What to work on
Transcribe every line below exactly; no image goes into the output.

Collected material
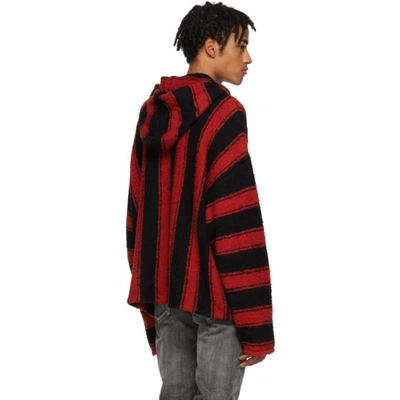 Shop Amiri Black And Red Baja Pullover Hoodie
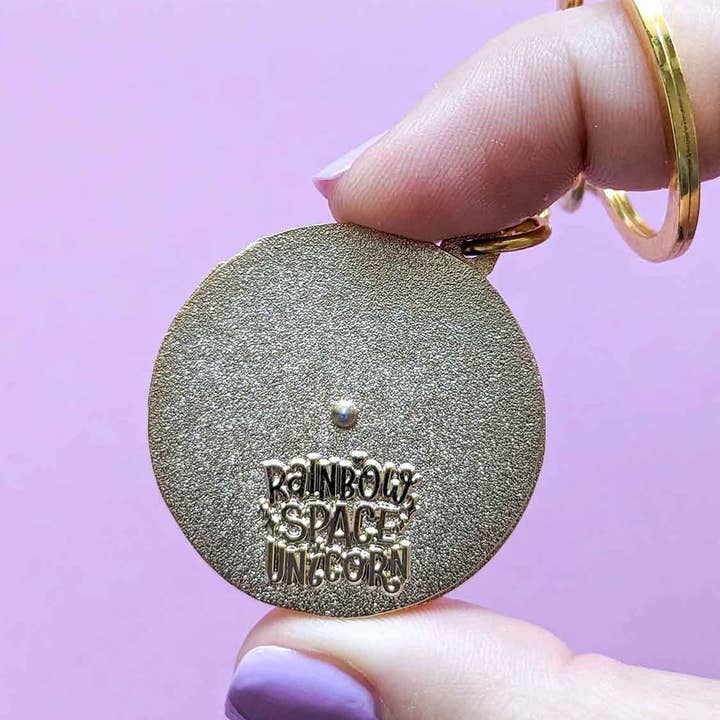 Rainbow Space Unicorn - Wholesale Keychain – Women's - Self Care Spinner Keychain2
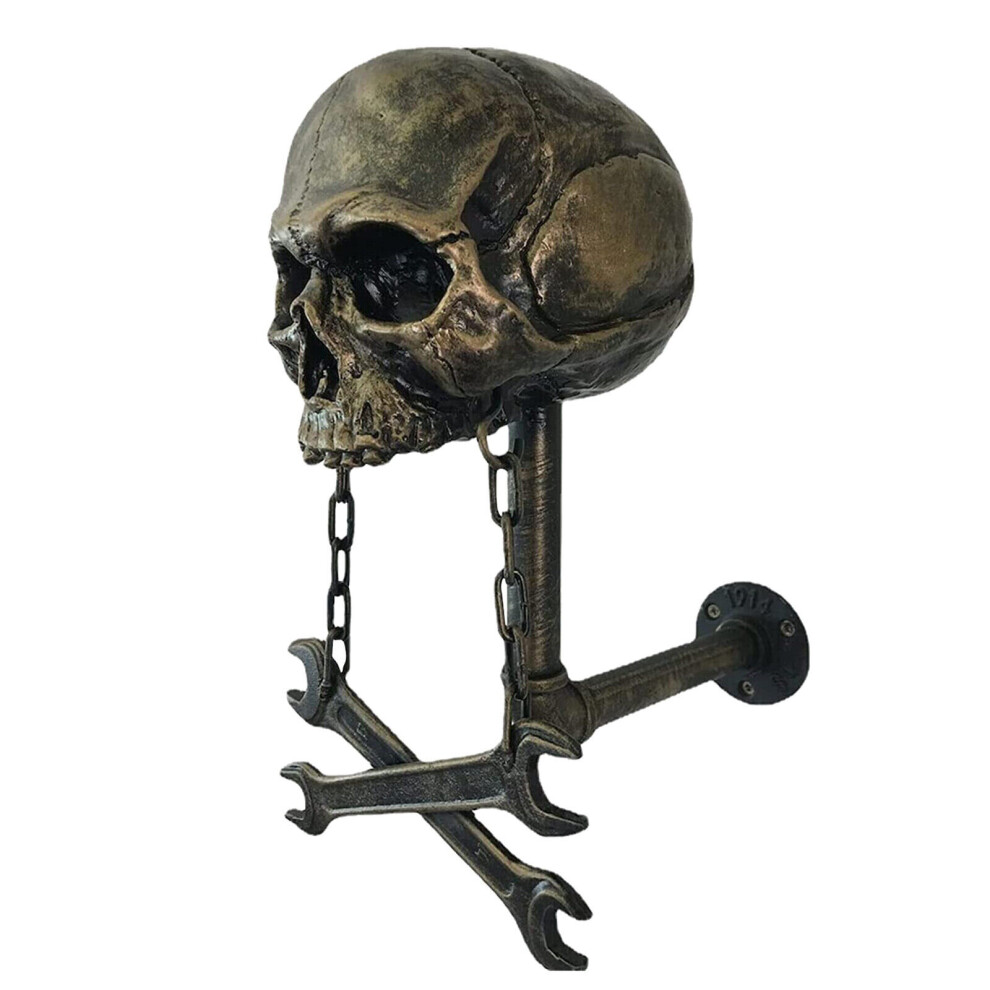 ( C) Skull Shape Helmet Stand Resin Hats Key Motorcycle Helmet Holder for Home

Solution below
 Shop Amiri Black And Red Baja Pullover Hoodie
 Rainbow Space Unicorn - Wholesale Keychain – Women's - Self Care Spinner Keychain2
 ( C) Skull Shape Helmet Stand Resin Hats Key Motorcycle Helmet Holder for Home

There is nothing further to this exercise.